Presunção da maldade

Do outro lado desta guerra que, no final das contas, é a milenar guerra dos homens contra suas consciências, não demorou para acusarem o presidente da República pelo sumiço dos militantes. Diante da prevalência dessa presunção da maldade, fico me perguntando como é que os antiqualquer-coisa conseguem dormir à noite se sabem que há um monstro malvadão que trabalha 24 horas por dia para, entre uma motociata e outra, derrubar uma selvazinha, atacar o STF e, aqui e ali, eliminar dois adversários políticos numa região remotíssima de uma floresta tão grande que deveria se chamar Amazoníssima.

Mas calma que piora.

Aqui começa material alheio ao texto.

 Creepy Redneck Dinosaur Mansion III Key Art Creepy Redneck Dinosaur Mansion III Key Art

Sempre piora. Depois de uma semana, a esperança que resta é pouca e a polícia já tratou de encontrar um suspeito. À medida que surgem notícias horríveis, os parasitas dos cadáveres úteis botam as asinhas de fora, sem a menor preocupação com o fato de que os desaparecidos têm uma família que provavelmente jamais poderá se despedir de seus entes queridos. Aliás, vale aqui dizer algo que é muito mais do que uma simples frase de efeito; é uma obviedade que, em tempos de polarização insana, sempre insana, se tornou conveniente esquecer:  por mais politicamente equivocada que uma pessoa seja, ela sempre será querida para alguém.

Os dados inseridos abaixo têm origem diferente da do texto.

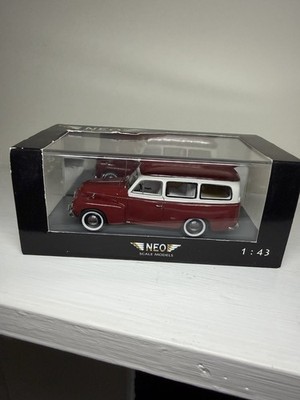 NEO Scale Models 1:43 Volvo PV445 Duett 1960 Tow Tone Red/white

Nessas horas, vale o velho e pouco praticado exercício de se colocar no lugar da mãe, esposa ou filho enlutado. Como você reagiria se seu pai desaparecesse e você jamais viesse a saber o que de fato aconteceu com ele? E aqui ressalto que nem toda tragédia tem culpados políticos. Talvez os homens tenham caído num rio infestado de piranhas. Talvez tenham sido vítimas de uma tribo que vive isolada e para a qual não se aplicam as regras da civilização. Talvez (e apesar de toda a experiência e tecnologia) tenham se perdido. E talvez tenham sido mortos por alguma desavença menor naquele território praticamente sem lei.

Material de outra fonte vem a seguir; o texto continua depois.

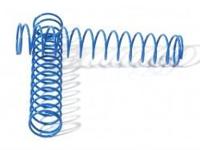 Spring 14x80x1.1 15 coils (blue/2 pcs) - thumbnail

“Exijo resposta”, escreveu um parasita comunista – com o perdão do pleonasmo que, além de vicioso, fede. O ministro Luís Roberto Barroso ordenou que os perdidos fossem encontrados. Na marra! “O culpado é o presidente”, escreveu alguém. Em comum, essas pessoas têm a abjeta obsessão pela política e a crença de que toda morte precisa de um algoz – coincidentemente, em geral um adversário ideológico.

Antes de encerrar o texto, fica aqui o destaque para o pensamento ultrapositivista de Barroso, que claramente acredita que sua caneta tem poderes mágicos não só para encontrar duas pessoas na imensidão verde, mas também para resolver todos os problemas da Humanidade. Não, o problema não são pessoas equivocadas que se embrenham na mata hostil para defender a narrativa neomalthusiana do ambientalismo; o problema são mesmo essas autoridades limpinhas, que nunca viram de perto onça ou miséria, mas que se acham intelectualmente divinas (não são).

Isso, aliás, explica por que vivemos tempos que  insistem em pegar uma notícia simples e triste, mas inicialmente cheia de esperança, e transformá-la numa narrativa a ser usada por publicitários na criação de um mundo odioso, onde viver é deprimentemente indesejável.